Provided records below:

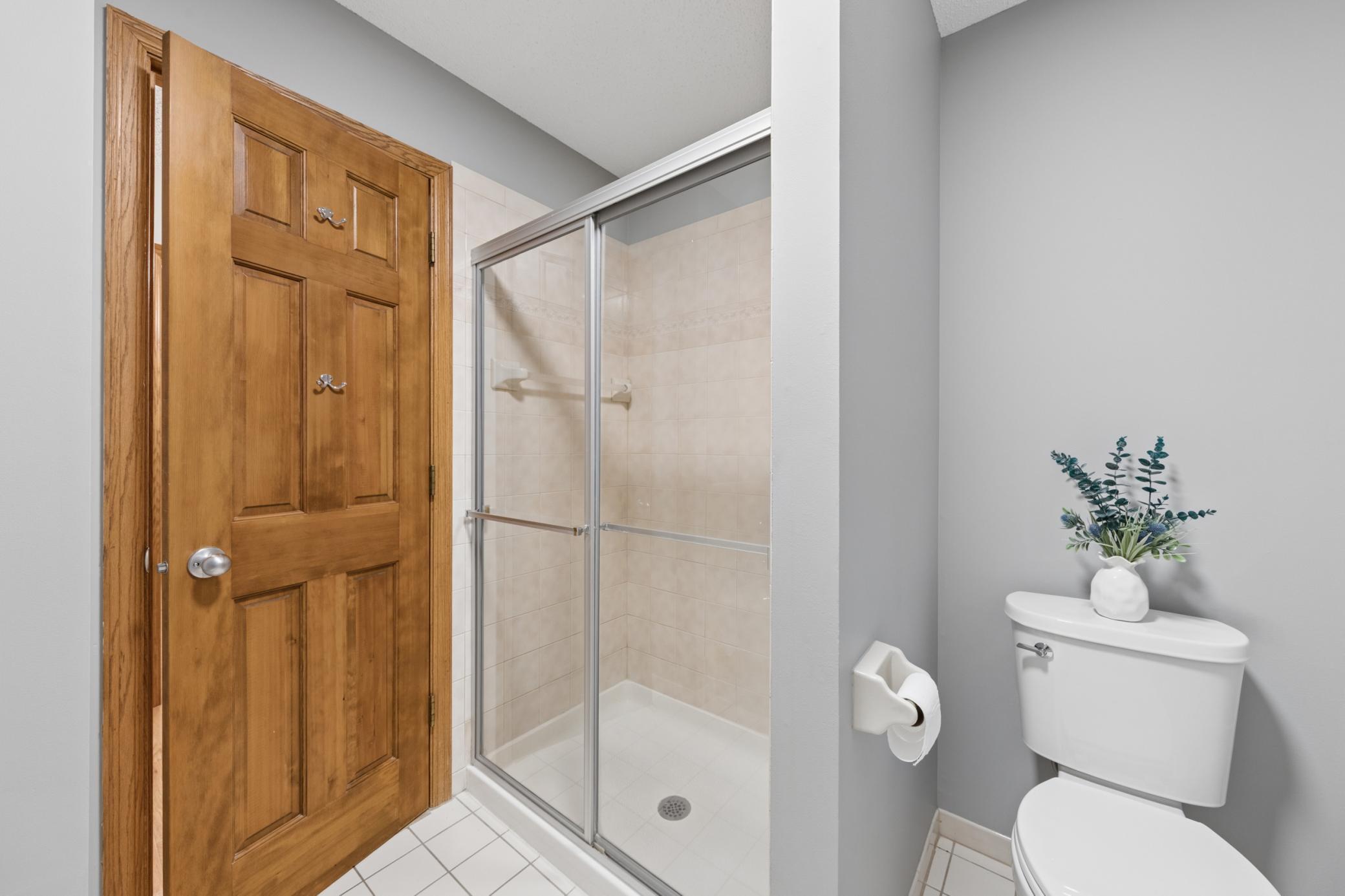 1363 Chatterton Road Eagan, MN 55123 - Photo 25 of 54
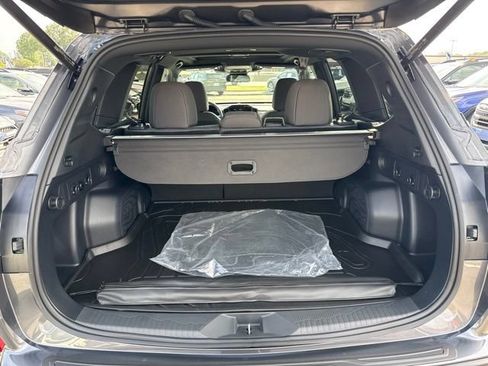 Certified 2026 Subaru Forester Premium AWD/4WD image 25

End of Provided records.
Provided records below:

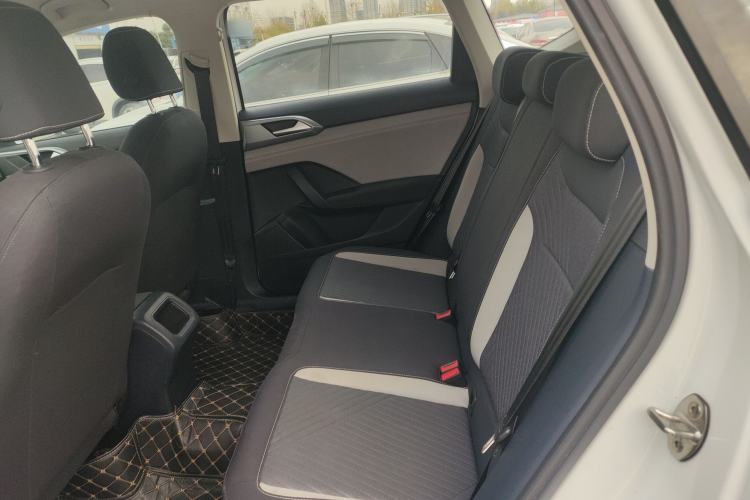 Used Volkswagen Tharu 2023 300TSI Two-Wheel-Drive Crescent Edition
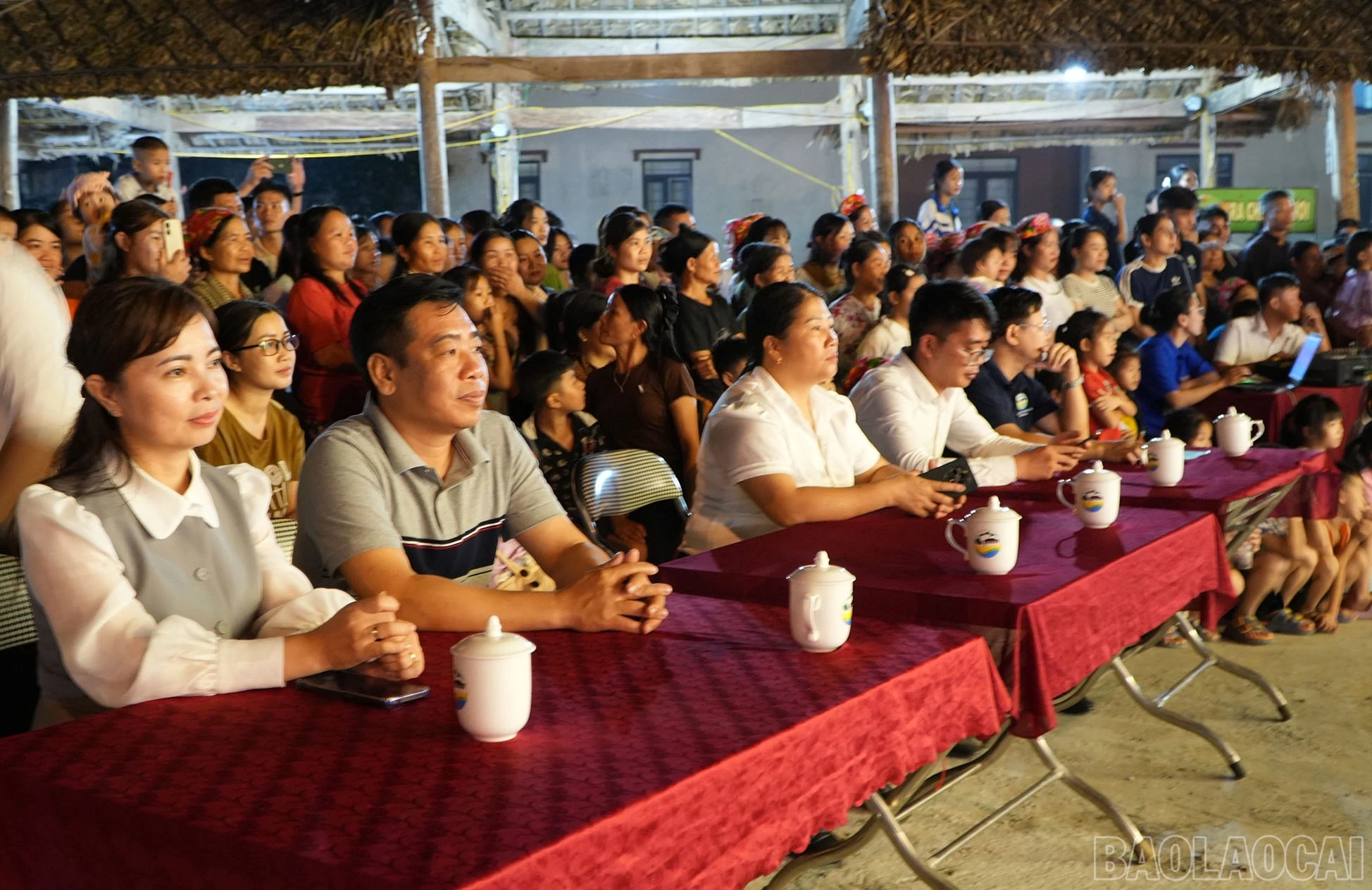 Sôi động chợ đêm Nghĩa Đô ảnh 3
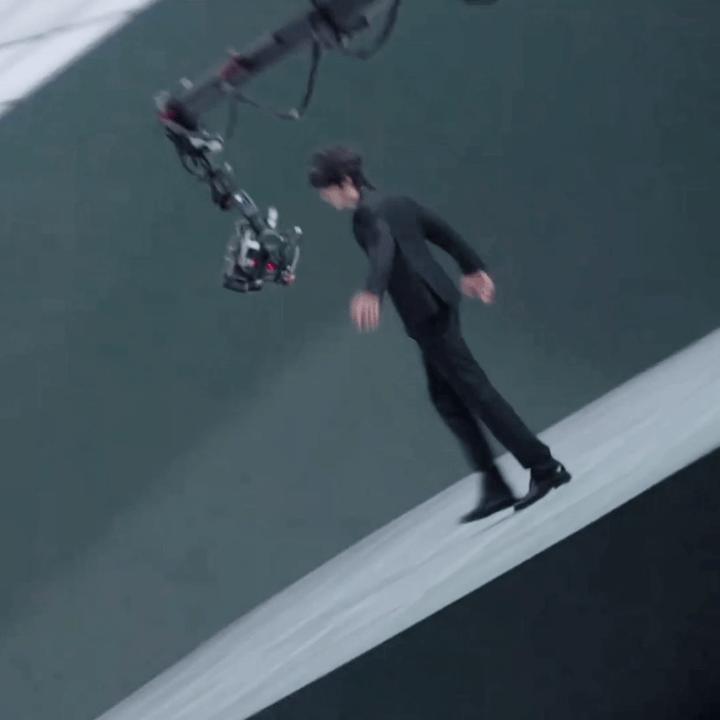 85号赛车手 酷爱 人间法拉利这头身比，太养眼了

End of Provided records.

*What needs to be done*:
In the listing above, find the line with "1363 Chatterton Road" and the line with "Certified 2026 Subaru". Copy both of them and every line between, exactly, but not the pictures.

*Solved exercise*:
 1363 Chatterton Road Eagan, MN 55123 - Photo 25 of 54
 Certified 2026 Subaru Forester Premium AWD/4WD image 25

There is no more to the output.